Each line from the one containing "اجرای عملیات بذرپاشی" through the last line of the data below should be printed exactly, please, with any pictures omitted.

═════ Supplied entries ═════

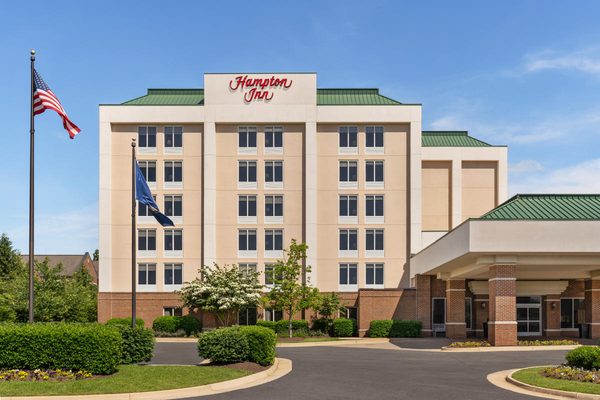 Hampton Inn Dulles cascades — Property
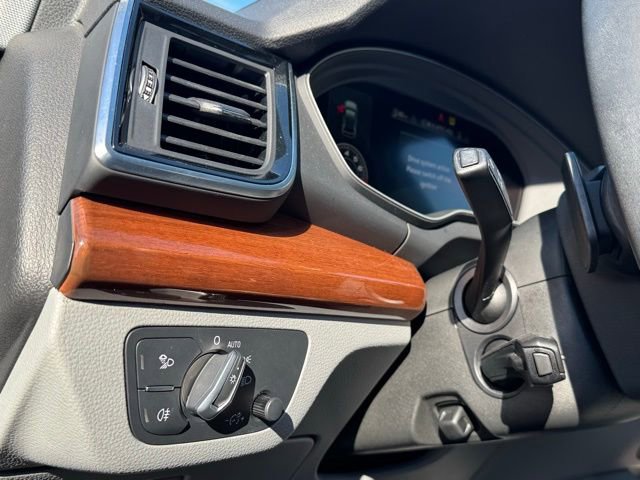 Used 2023 Audi Q5 2.0T Premium Plus w/ Premium Plus Package image 19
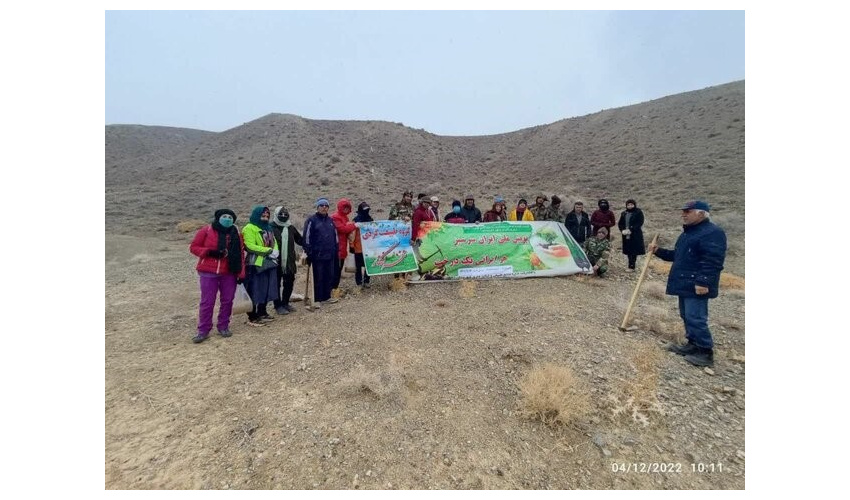 اجرای عملیات بذرپاشی و بذرکاری در سطح ۱۰۰ هکتار از مراتع شهرستان با مشارکت همیاران طبیعت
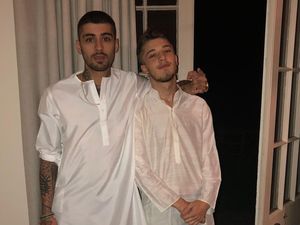 Gaya Zayn Malik Pakai Baju Koko Rayakan Idul Adha Gaya Zayn Malik Pakai Baju Koko Rayakan Idul Adha
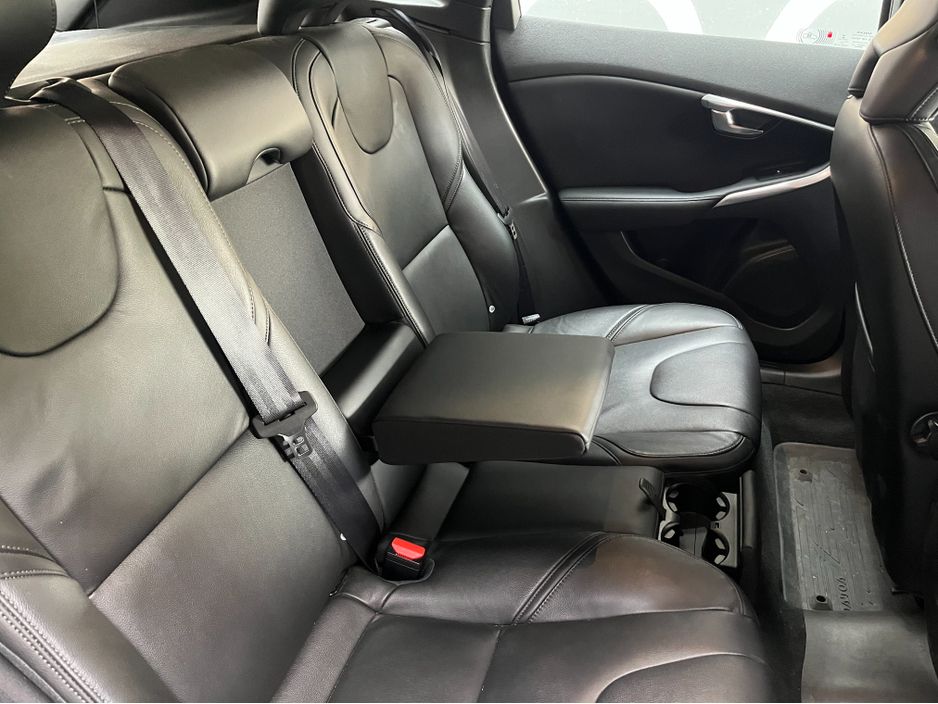 2015 Volvo V40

═════

• Solution for this task
 اجرای عملیات بذرپاشی و بذرکاری در سطح ۱۰۰ هکتار از مراتع شهرستان با مشارکت همیاران طبیعت
 Gaya Zayn Malik Pakai Baju Koko Rayakan Idul Adha Gaya Zayn Malik Pakai Baju Koko Rayakan Idul Adha
 2015 Volvo V40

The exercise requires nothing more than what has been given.